In [1]:
import pandas as pd
import numpy as np

import csv 
from sklearn.model_selection import KFold
from sklearn.metrics import accuracy_score
from collections import Counter
import fasttext
import re
from sklearn.metrics import precision_recall_fscore_support as score
from sklearn.metrics import accuracy_score

import warnings
warnings.filterwarnings("ignore")

#deep learning library
from keras.models import *
from keras.layers import *
from keras.callbacks import *

from tensorflow.keras.preprocessing.text import Tokenizer
import tensorflow as tf

random_state = 123

# Loading Data

In [2]:
df_train = pd.read_csv('train_data.csv')
df_test = pd.read_csv('test_data.csv')

In [3]:
train_data = df_train.copy()
test_data = df_test.copy()

In [4]:
train_data.drop(columns=['Unnamed: 0'],axis=1,inplace=True)
test_data.drop(columns=['Unnamed: 0'],axis=1,inplace=True)

In [5]:
#fasttext required
train_data['Cleaned_Review'] = train_data['Cleaned_Review'].astype(str)
test_data['Cleaned_Review'] = test_data['Cleaned_Review'].astype(str)

#fasttext required: change category to word type
train_data['Category'] = np.where((train_data['Category'] == 1),'Positive','Negative')
test_data['Category'] = np.where((test_data['Category'] == 1),'Positive','Negative')

#fasttext required: Prefixing each row of the category column with '__label__'
train_data['labels_text']= train_data.iloc[:, 2].apply(lambda x: '__label__' + x)
test_data['labels_text'] = test_data.iloc[:, 2].apply(lambda x: '__label__' + x)
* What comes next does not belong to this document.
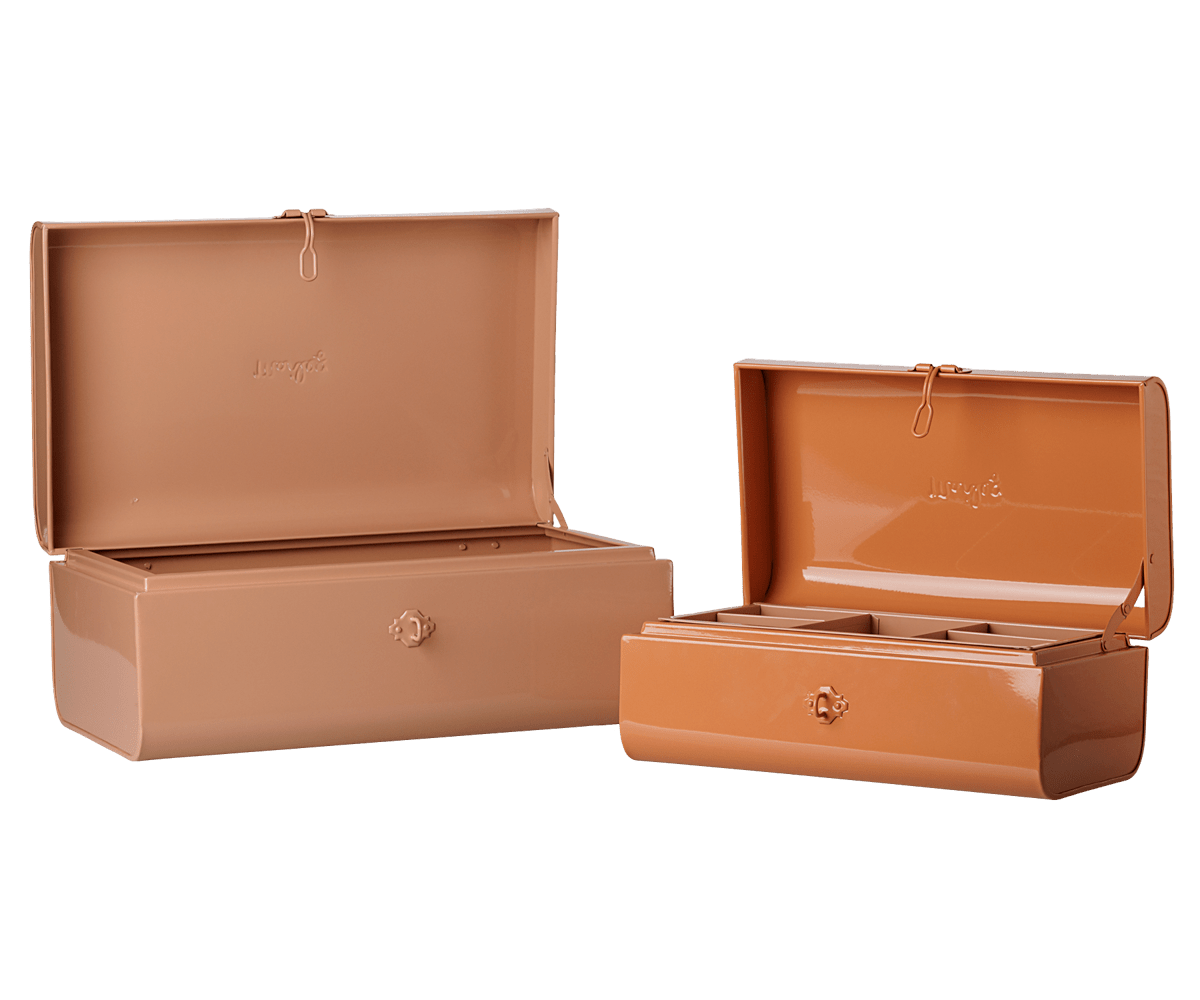 2026 Maileg Powder/Coral Storage Suitcase Set with Tray - Knot and Spool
# Training and Cross Validation

In [6]:
training_file = open('train.txt','w')
training_file.writelines(train_data.labels_text + '\n')
training_file.close()

In [16]:
def iteration_search(X, Y, Z, k, lr, ngram_type, epoch):

    results = []
    for lr_val in lr:
        for num_val in ngram_type:
            for epoch_val in epoch:  
               
                kf = KFold(n_splits=k, shuffle=True)
                fold_results = []
          
                for train_index, test_index in kf.split(X):

                    training_file = open('train_cv.txt','w')
                    training_file.writelines(Z[train_index] + '\n')
                    training_file.close()
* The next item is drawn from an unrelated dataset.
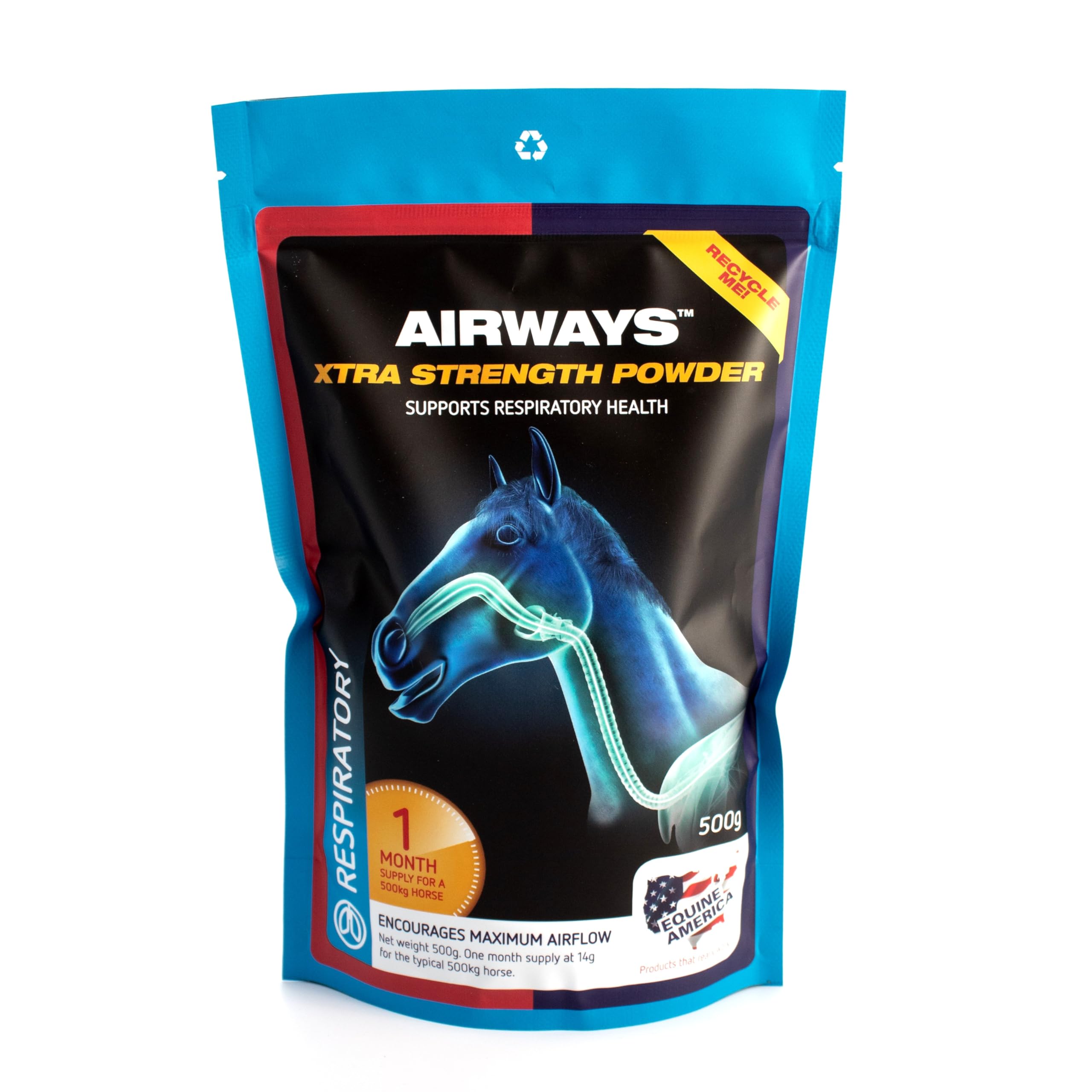 Equine America Airways Xtra Force | مکمل اسب و پونی آماده برای استفاده | برای حمایت از تنفس | ۵۰۰ گرم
                    model = fasttext.train_supervised('train_cv.txt',
                                          lr=lr_val,
                                          wordNgrams=num_val,
                                          epoch=epoch_val)

                    pred = model.predict(X[test_index].tolist())
                    pred = pd.Series(pred[0]).apply(lambda x: re.sub('__label__', '', x[0]))

                    fold_results.append(accuracy_score(Y[test_index], pred.values))

                mean_acc = pd.Series(fold_results).mean()
                results.append([lr_val, num_val, epoch_val, mean_acc])         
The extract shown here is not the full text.